Der Himmel ist wolkenlos. Eine unglaubliche Aussicht. Hin und wieder tauchen zwischen den dunklen Flächen Lichter auf. Manchmal nur ein Punkt, manchmal ein Band oder ein ganzes Meer - Zeichen einer Siedlung oder einer Stadt. Ich stelle mir vor, dass jedes dieser Lichter für eine Familie oder einen einzelnen Menschen steht, der da sein Leben möglichst sinnvoll gestalten will. Da unten, da tobt die nackte Existenz, da spielen sich in diesem Moment Schicksale, vielleicht sogar Dramen, ab. Mehr, als ein Schriftsteller je beschreiben oder erdenken könnte.

Unter mir wird gerade geliebt und gehasst, gibt es Hunger und Völlerei, Angst und Hoffnung,Verzweiflung und tiefen Frieden. In dieser Nacht schlafen überall in diesen Hütten und Palästen Frauen mit ihren Männern. Einige werden dabei leidenschaftliche Erfüllung erfahren, andere nur ihre Pflicht tun - und einige den HIV-Erreger übertragen bekommen, diese heimtückischste Geißel des schwarzen Erdteils. Die Lebenserwartung in Afrika liegt bei siebenundvierzig Jahren. Ohne Aids wären es zweiundsechzig.
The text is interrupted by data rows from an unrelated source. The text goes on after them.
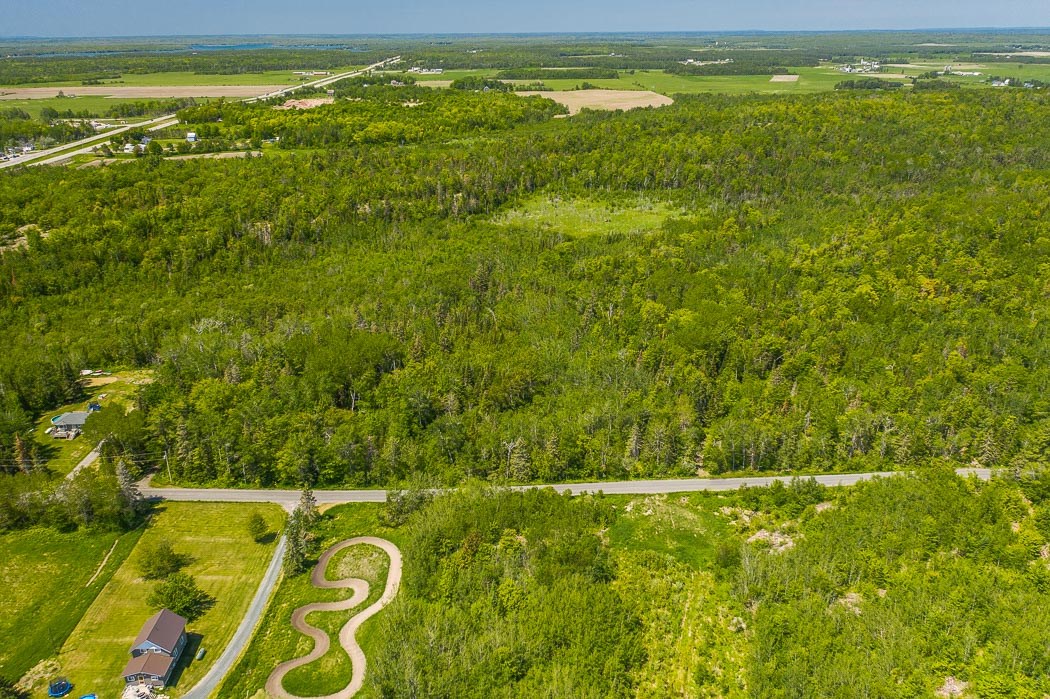 McKnight Road, Desbarats Ontario, Canada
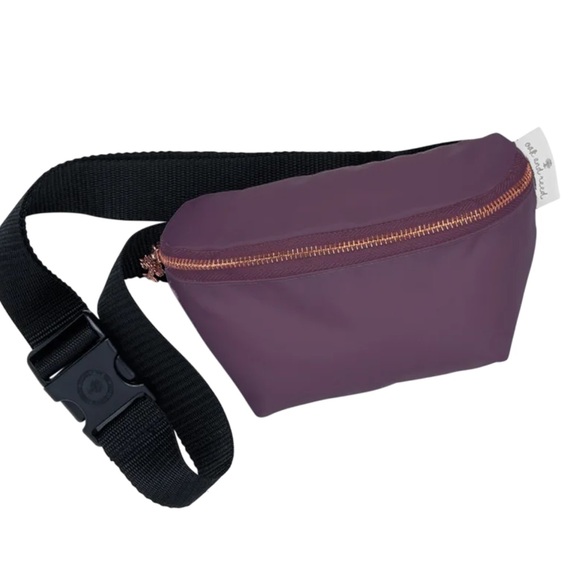 Oak and Reed Via Bum Bag - Purple Belt Bag with Black Strap - Picture 1 of 6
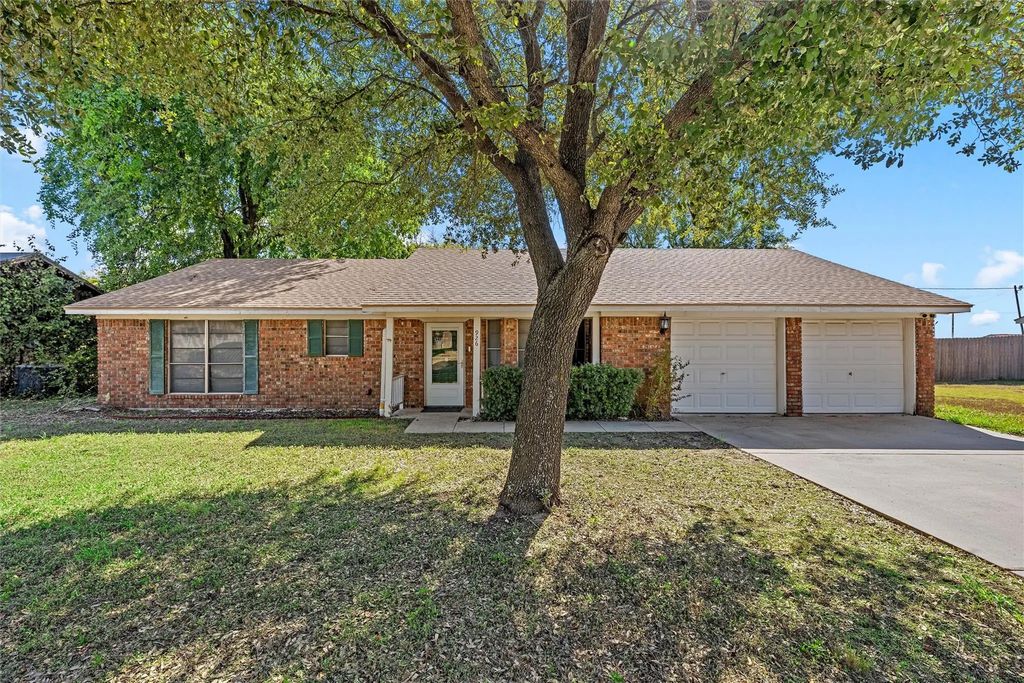 926 Rolling Hills Drive, Hewitt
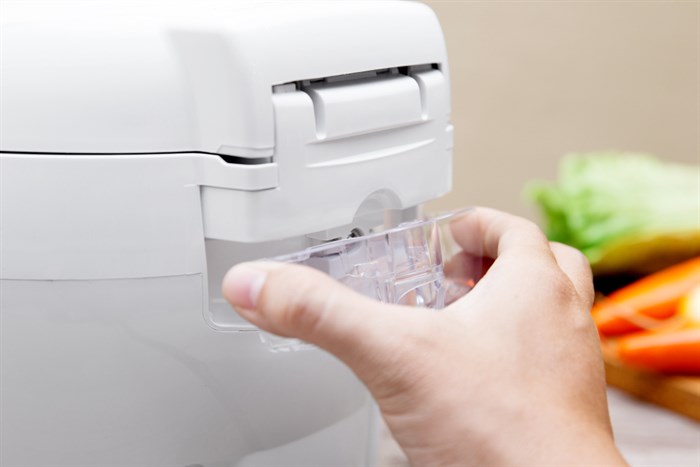 Nồi cơm điện tử Cuckoo 1 lít CR-0655F Màu Trắng - Đỏ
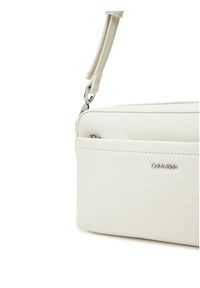 Calvin Klein Torebka Ck Must Convertible Camera Bag K60K612901 Écru. Materiał: skórzane #4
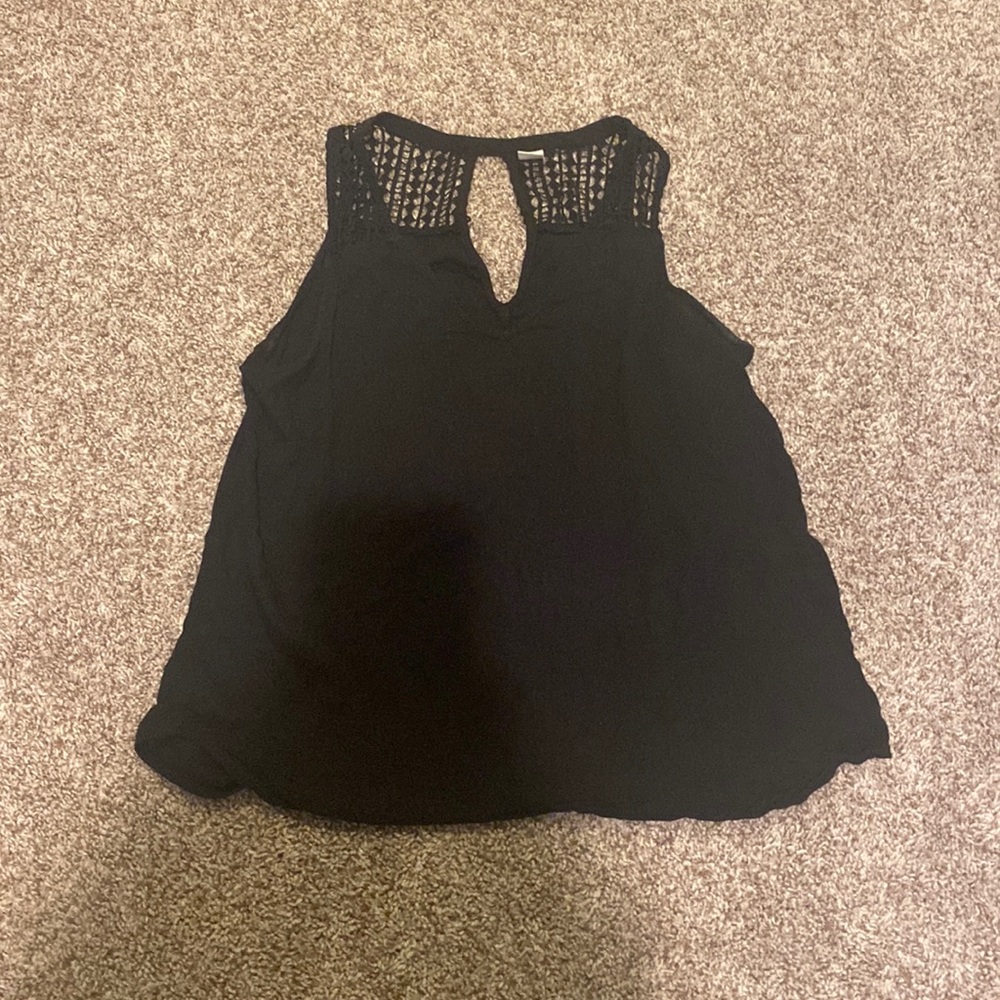 black loose tank top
Vom nördlichsten Punkt des Kontinents, dem Cape Blanc in Tunesien, bis zum Cape Agulhas in Südafrika sind es knapp achttausend Kilometer - eine Strecke, die ich mit der Boing 747 in knapp zehn Stunden hinter mich bringe. In dieser Zeit schaue ich sprachlos hinunter und frage mich, wie jemand ernsthaft eine Hollywood-Komödie im Bordprogramm anschauen kann, wenn unter uns all diese viel aufregenderen Geschichten zu erahnen sind.

Gegen 6.00 Uhr werde ich dann doch müde. Und fange an zu grübeln.Warum sitze ich hier eigentlich? Ich liebe Afrika. Ja.Aber ist Hannibals Vorhaben nicht einfach ein Irrsinn? Worauf lasse ich mich da ein? Die Strecke, die ich gerade in einer Nacht hinter mich bringe, soll ich ernsthaft auf dem Rücken eines Elefanten zurücklegen - über Monate?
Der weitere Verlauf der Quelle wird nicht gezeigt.